The edges of the graph in green represent isomorphisms, or anatomical identity: one-to-one, onto, and structure-preserving. For example, the anatomical abstraction Lobular organ in the mouse is isomorphic to the Lobular organ in the human. The edges of the graph in blue represent non-isomorphic matches. For example, there is a 5:1 mapping between the five different mouse prostate organs and the single human prostate. The edges in red represent null mappings. For example, there is no corresponding Set of human prostates to map to the Set of mouse prostates, so that constitutes a null mapping. A single mapping can answer a query such as “What is the structure in the human that corresponds to the liver in the mouse?”.
A unidirectional comparison consists of a hierarchy of Mappings. A root for the mapping, and the depth to which the comparison is to be pursued, are chosen, and all the mappings for structures in the hierarchy beginning at the root and proceeding to the chosen depth, make up the unidirectional comparison. A unidirectional comparison can thus answer a query such as “What are the structures in the mouse mammary gland that are missing in the human mammary gland?”. A cross-species, or bidirectional, comparison consists of two complementary unidirectional comparisons.

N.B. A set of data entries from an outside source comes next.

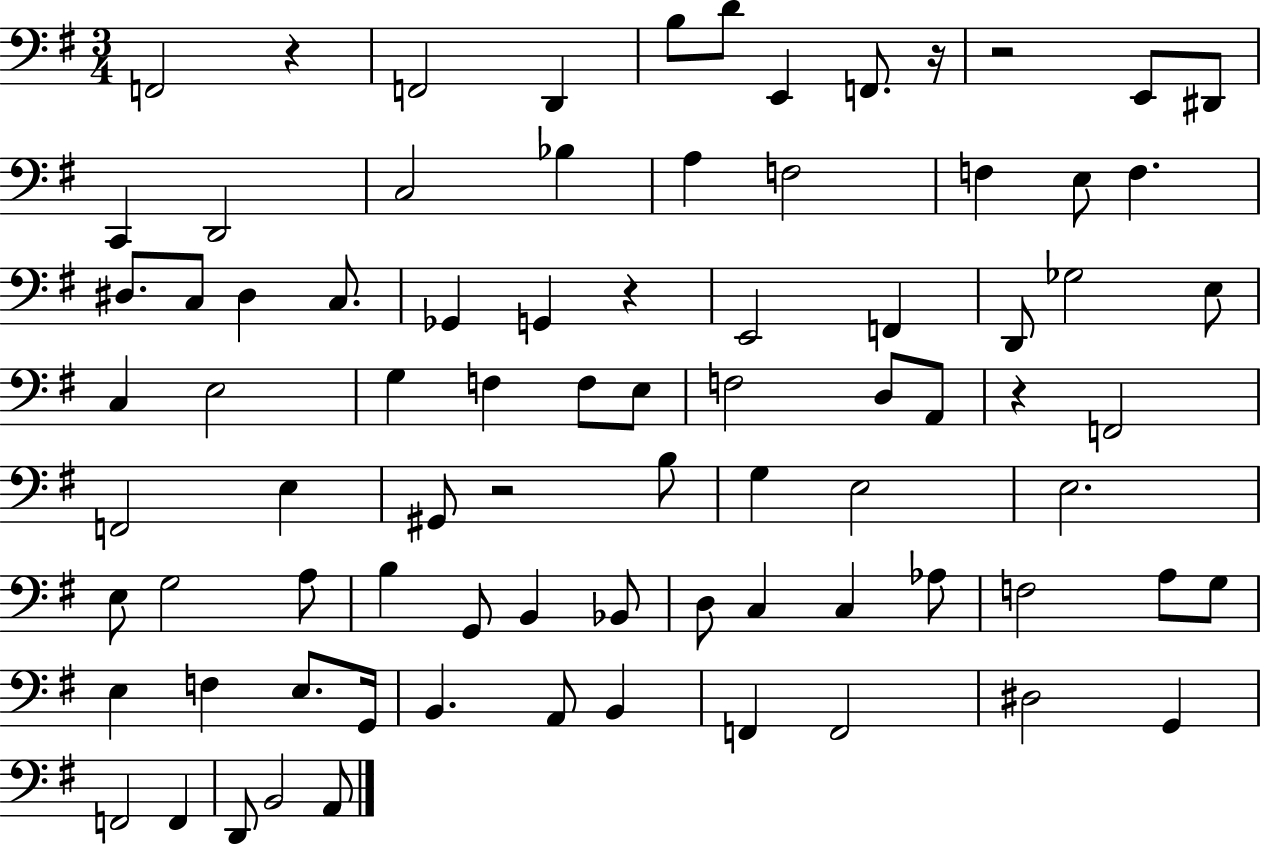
{
  \clef bass
  \numericTimeSignature
  \time 3/4
  \key g \major
  f,2 r4 | f,2 d,4 | b8 d'8 e,4 f,8. r16 | r2 e,8 dis,8 | \break c,4 d,2 | c2 bes4 | a4 f2 | f4 e8 f4. | \break dis8. c8 dis4 c8. | ges,4 g,4 r4 | e,2 f,4 | d,8 ges2 e8 | \break c4 e2 | g4 f4 f8 e8 | f2 d8 a,8 | r4 f,2 | \break f,2 e4 | gis,8 r2 b8 | g4 e2 | e2. | \break e8 g2 a8 | b4 g,8 b,4 bes,8 | d8 c4 c4 aes8 | f2 a8 g8 | \break e4 f4 e8. g,16 | b,4. a,8 b,4 | f,4 f,2 | dis2 g,4 | \break f,2 f,4 | d,8 b,2 a,8 | \bar "|."
}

To implement this functionality, the underlying Mapping data structure contains pointers in both directions between species: i.e., the human can be either the source or the target species, as can the mouse. Both directions are necessary for a complete answer to queries on similarities and differences between species, as, from the user's point of view, the answer returned to the query “what is the difference between the human and mouse prostates?” should be the same as the answer returned to the query “what is the difference between the mouse and human prostates?”. This data structure provides that consistency of response, yet at the same time allows a more refined query to return a more granular answer, depending on the level of detail the user wishes to specify. Although the usual query will be bidirectional, there will be users who want information in one direction only. For example, a user may want to know which prostatic lobe in the human is homologous to the murine dorsal prostate. This structure will be able to accommodate those queries as well.
The FMA is implemented in Protégé-20007. Following the suggestion of Bernstein and Pottinger8 that mappings should be first-class objects, we have implemented mappings as Protégé classes. Mappings are implemented in Protégé in the following manner: the Protégé template slots for Mapping are the two Species being compared (as in Figure 3Figure 3), and the two corresponding Anatomical structures. Species names are required to always be single; Anatomical structures can be 1 or more in a particular Species. Cardinality specifies whether the correspondence is 1:null, null:1, 1:1, 1:many, many:1, many:many, many:null, or null:many.
Figure 3
Figure 3
Figure 3
Mapping templates. The Edge mapping template has the same slots as the Node mapping template, plus the additional Relationship slot.
The slots for Node mapping are inherited verbatim from the Mapping class; Edge mappings have the additional slot Relationship to describe which relationship is being compared across Species for the given Anatomical structures. These examples demonstrate the definitions for the different kinds of Mappings. A Cross-species comparison is made up of all the Mappings of the Anatomical structure at the level under comparison.
We propose to use these structures to return answers to anatomical queries about similarities and differences between these structures—the Mapping contains the information about similarity and differences of particular discrete structures, and the Cross-species comparison provides the context (hierarchy) for those structures in relation to other anatomical structures.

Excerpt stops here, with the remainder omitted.